• Exercise aim: Reproduce nothing but the lines from the one with "this 1344×896 image." down to the last line of the data below.

Records from a data source
*** Begin section ***

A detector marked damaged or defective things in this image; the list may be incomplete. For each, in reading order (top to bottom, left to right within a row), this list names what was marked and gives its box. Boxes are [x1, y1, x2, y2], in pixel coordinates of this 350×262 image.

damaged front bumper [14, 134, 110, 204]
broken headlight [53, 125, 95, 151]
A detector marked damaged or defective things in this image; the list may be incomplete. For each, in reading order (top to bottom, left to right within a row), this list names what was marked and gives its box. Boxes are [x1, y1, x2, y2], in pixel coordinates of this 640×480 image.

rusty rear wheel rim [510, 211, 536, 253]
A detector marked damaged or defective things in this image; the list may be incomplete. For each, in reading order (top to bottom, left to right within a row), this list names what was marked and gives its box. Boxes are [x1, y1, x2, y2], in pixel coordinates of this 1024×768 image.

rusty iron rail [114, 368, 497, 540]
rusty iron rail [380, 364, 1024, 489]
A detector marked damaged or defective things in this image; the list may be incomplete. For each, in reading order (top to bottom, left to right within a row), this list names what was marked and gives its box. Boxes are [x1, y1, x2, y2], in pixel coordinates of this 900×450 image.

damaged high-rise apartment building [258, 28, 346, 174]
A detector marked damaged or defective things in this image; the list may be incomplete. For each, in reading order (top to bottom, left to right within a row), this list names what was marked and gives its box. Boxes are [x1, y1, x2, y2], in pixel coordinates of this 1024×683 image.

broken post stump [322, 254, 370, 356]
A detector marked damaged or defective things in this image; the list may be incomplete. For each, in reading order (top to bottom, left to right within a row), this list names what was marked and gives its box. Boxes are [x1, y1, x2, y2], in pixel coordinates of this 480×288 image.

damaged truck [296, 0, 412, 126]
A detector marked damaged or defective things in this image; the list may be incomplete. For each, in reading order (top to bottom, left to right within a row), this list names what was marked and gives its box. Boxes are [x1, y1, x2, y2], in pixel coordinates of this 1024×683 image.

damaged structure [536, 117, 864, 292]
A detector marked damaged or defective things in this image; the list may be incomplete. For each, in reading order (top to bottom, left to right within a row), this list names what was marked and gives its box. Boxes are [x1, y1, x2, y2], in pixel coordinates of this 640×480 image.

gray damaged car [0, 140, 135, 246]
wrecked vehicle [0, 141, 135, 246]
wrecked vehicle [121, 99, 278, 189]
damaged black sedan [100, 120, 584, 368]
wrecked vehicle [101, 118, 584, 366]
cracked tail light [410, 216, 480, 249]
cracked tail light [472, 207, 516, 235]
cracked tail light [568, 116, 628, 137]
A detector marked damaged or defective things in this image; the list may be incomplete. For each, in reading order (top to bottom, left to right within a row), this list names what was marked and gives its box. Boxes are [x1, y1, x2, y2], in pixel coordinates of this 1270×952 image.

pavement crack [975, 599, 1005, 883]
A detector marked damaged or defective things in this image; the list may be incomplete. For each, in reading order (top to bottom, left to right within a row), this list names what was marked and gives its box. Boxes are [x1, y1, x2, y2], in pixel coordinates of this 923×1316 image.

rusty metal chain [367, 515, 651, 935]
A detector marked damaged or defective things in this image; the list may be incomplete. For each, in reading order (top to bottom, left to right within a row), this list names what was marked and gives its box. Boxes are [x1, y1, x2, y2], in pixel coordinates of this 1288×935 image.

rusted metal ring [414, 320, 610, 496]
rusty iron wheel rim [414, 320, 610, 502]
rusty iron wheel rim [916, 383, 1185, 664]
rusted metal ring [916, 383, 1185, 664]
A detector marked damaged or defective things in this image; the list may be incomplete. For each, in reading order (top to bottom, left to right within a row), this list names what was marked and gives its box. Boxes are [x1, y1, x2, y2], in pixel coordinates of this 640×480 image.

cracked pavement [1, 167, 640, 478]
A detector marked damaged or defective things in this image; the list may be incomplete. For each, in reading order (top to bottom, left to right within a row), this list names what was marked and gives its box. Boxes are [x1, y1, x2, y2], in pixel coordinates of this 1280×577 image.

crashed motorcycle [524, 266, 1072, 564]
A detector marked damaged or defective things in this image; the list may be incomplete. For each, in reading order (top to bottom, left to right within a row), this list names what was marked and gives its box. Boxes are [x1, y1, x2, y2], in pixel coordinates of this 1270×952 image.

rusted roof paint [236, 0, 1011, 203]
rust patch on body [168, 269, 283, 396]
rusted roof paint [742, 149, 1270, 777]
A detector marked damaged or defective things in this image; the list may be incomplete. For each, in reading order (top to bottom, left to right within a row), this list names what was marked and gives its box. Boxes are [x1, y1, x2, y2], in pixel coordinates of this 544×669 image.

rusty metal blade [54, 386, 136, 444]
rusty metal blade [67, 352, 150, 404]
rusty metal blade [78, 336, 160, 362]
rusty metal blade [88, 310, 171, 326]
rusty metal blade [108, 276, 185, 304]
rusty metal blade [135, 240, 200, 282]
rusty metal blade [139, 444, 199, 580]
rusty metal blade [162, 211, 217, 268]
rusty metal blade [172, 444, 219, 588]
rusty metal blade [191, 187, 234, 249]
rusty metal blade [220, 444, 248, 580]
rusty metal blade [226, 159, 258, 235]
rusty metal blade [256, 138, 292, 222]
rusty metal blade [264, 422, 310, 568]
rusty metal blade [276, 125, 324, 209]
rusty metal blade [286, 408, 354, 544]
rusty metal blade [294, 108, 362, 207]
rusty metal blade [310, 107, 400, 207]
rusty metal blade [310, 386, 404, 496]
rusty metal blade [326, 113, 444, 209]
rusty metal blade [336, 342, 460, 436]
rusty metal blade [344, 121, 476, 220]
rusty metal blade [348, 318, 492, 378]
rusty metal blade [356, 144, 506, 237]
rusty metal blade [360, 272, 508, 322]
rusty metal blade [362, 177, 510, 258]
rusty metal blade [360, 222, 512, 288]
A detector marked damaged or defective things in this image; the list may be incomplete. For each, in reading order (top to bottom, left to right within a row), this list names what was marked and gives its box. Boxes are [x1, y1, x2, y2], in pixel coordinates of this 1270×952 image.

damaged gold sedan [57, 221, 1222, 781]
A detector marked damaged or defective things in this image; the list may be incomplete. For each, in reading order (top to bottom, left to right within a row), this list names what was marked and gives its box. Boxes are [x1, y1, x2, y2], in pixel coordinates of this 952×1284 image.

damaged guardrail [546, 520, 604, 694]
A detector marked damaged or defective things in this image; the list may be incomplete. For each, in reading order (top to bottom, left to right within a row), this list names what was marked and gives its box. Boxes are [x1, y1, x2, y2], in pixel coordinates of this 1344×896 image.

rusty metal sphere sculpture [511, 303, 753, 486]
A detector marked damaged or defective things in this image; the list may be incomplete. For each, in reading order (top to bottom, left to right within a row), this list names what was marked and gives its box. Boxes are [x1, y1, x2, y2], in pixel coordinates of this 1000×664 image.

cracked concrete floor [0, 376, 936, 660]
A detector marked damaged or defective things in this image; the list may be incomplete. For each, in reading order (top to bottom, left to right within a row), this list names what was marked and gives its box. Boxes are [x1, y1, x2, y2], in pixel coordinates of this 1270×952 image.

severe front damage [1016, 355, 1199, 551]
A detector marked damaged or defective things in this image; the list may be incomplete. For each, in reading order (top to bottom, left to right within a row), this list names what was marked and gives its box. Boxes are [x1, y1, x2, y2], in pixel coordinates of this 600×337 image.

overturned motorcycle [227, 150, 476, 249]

*** End section ***

• Answer space:
A detector marked damaged or defective things in this image; the list may be incomplete. For each, in reading order (top to bottom, left to right within a row), this list names what was marked and gives its box. Boxes are [x1, y1, x2, y2], in pixel coordinates of this 1344×896 image.

rusty metal sphere sculpture [511, 303, 753, 486]
A detector marked damaged or defective things in this image; the list may be incomplete. For each, in reading order (top to bottom, left to right within a row), this list names what was marked and gives its box. Boxes are [x1, y1, x2, y2], in pixel coordinates of this 1000×664 image.

cracked concrete floor [0, 376, 936, 660]
A detector marked damaged or defective things in this image; the list may be incomplete. For each, in reading order (top to bottom, left to right within a row), this list names what was marked and gives its box. Boxes are [x1, y1, x2, y2], in pixel coordinates of this 1270×952 image.

severe front damage [1016, 355, 1199, 551]
A detector marked damaged or defective things in this image; the list may be incomplete. For each, in reading order (top to bottom, left to right within a row), this list names what was marked and gives its box. Boxes are [x1, y1, x2, y2], in pixel coordinates of this 600×337 image.

overturned motorcycle [227, 150, 476, 249]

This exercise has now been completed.